April 17, 2011

Museum, Palace And Pagoda


Enough of the sadness, I head to the National Museum which is OK – better than the Bangkok one and I wander around the place soaking in the history of what is an amazing place – culturally and artistically.

After lunch at a spicy beef noodle soup restaurant, I walk back to the hotel to change into long trousers as I am going to the Royal Palace and silver Pagoda where you need to be suitably attired…I walk there, and have to avoid the plethora of tuk-tuk and motorbike drivers, guidebook vendors and cold water sellers. The drivers are easy – you can shake your head and walk on: they are unlikely to follow you as they have a vehicle to look after. The book and drink sellers however are different – they can walk with you down the street insisting that you buy from them. I tell one particularly persistent boy that I’ll buy something later, and that seems to do the trick.

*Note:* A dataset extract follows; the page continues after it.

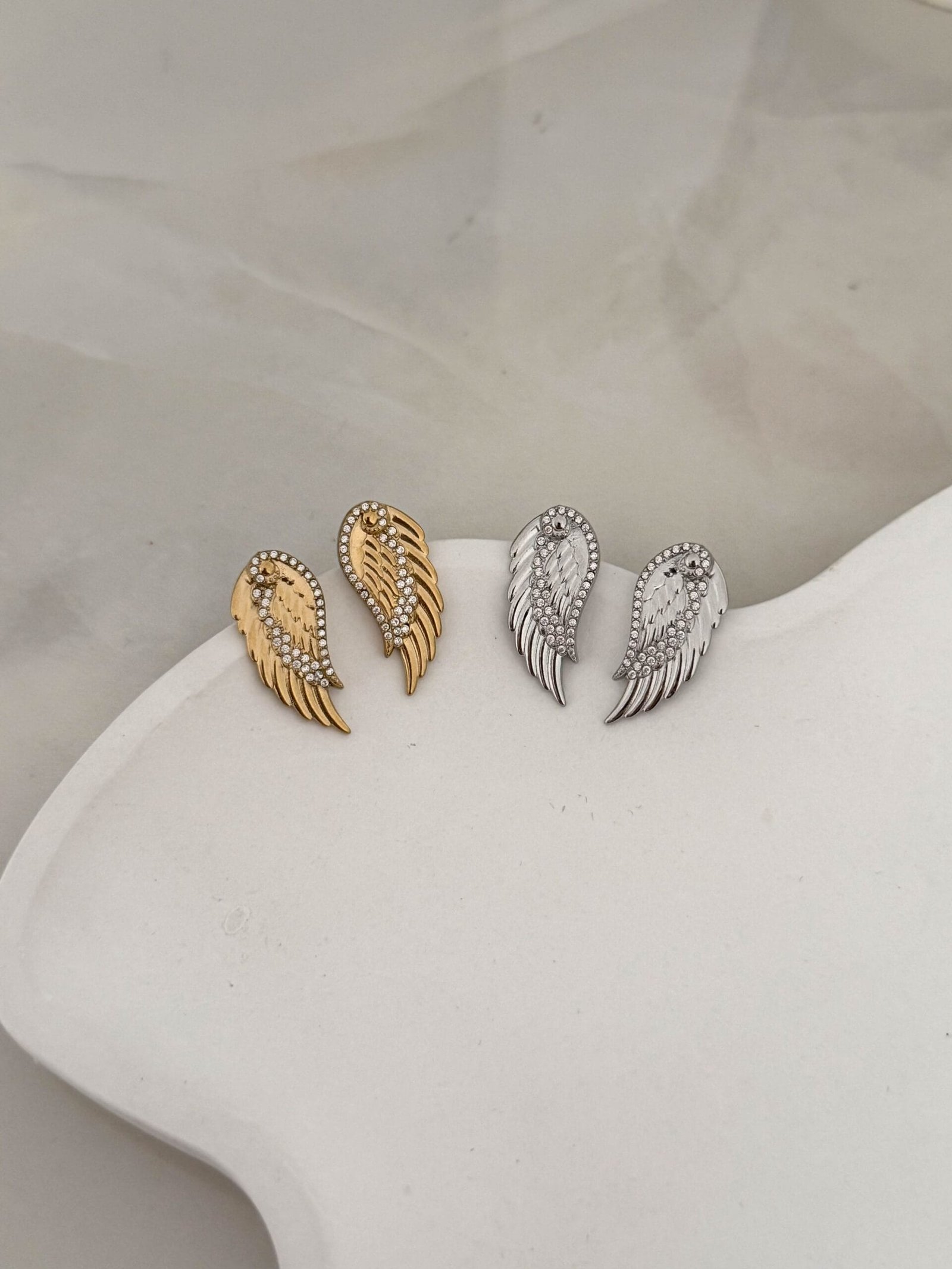 ΣΚΟΥΛΑΡΙΚΙΑ SPARK WINGS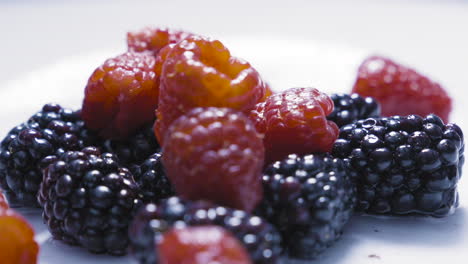 Zeitlupe-Verschiedener-Beeren,-Die-Auf-Wasser-Fallen-4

The Palace grounds are pretty spectacular and I am eager to find the Silver Pagoda – so called after the thousands of silver tiles that apparently make up the roof. I was expecting to see some shimmering silver-roofed building and was getting more puzzled by the lack of said building – so after consulting with my guidebook to try and locate the building, apparently it was the one that housed the emerald Buddha. Well, I’d just seen that housed in a rather ordinary (by expectation) pagoda. Maybe the silver had tarnished, but it certainly wasn’t the glamorous site I was expecting.

Making my way back to the hotel, I was chased down the street by a boy who insisted that I promised I’d buy water from him when I left the Palace.